Enfin, François Hollande candidat promettait de stabiliser les dotations de l'État aux collectivités locales "à leur niveau actuel" : François Hollande président de la République a tenu parole pour 2013, mais cette enveloppe baissera de 750 millions par an en 2014 et 2015.
50-50
"Si l'effort sur les dépenses a été accentué par rapport à la campagne, c'est à cause de ce que nous avons trouvé en arrivant", justifie la députée Karine Berger, secrétaire nationale du PS à l'économie. En cause, poursuit-elle, des recettes qui entraient moins bien qu'escompté par le précédent gouvernement, et une croissance économique en berne.Mais, selon Bercy, impossible d'aller plus loin pour l'instant. "À court terme, la réduction des dépenses a un effet plus récessif que les hausses d'impôts ciblées sur les hauts revenus et les grandes entreprises", plaide-t-on. Le gouvernement assure que, sur le quinquennat, le retour à l'équilibre des comptes publics sera réalisé à 50-50 par des économies et des hausses de prélèvements.
Reste une interrogation : la France, l'un des États qui dépensent le plus au monde, tiendra-t-elle ses engagements ? L'objectif est de ramener la dépense publique de 56,3 % du produit intérieur brut (PIB) cette année et à 53,6 % en 2017. Quelques pistes sont connues : stabilisation de la masse salariale de la fonction publique, arrêt de projets culturels, etc. Mais "il reste des risques de dérapage par rapport aux objectifs", estime Tullia Bucco, relevant que les coupes possibles dans les différents ministères n'ont pas encore été clairement identifiées.
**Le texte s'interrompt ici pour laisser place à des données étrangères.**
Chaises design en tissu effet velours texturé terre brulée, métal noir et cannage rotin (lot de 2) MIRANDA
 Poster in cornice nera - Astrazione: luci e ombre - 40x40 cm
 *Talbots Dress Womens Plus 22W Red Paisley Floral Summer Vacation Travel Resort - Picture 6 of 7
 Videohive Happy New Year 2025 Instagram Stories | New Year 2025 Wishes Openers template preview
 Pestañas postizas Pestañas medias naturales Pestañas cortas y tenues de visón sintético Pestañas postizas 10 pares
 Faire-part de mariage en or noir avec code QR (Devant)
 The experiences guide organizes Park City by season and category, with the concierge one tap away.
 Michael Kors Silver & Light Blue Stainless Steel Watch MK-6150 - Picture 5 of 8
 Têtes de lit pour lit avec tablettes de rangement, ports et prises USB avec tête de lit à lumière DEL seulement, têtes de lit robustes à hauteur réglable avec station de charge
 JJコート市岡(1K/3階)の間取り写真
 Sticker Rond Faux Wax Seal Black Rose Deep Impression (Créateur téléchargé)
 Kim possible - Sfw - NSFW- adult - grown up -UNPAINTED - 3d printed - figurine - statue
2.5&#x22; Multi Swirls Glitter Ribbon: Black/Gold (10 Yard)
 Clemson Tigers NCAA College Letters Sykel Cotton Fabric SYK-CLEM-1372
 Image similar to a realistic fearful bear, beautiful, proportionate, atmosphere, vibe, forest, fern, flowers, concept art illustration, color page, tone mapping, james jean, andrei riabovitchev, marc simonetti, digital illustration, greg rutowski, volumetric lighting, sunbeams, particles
L'économiste Patrick Artus, de la banque Natixis, est plus sévère. "Tout ça, c'est du folklore", grince-t-il. "Les dix milliards d'économies annoncés correspondent à la différence entre le gel des dépenses et la croissance économique prévue de 0,8 %. Mais comme on n'atteindra jamais 0,8 %, on ne réduira pas la dépense", affirme-t-il.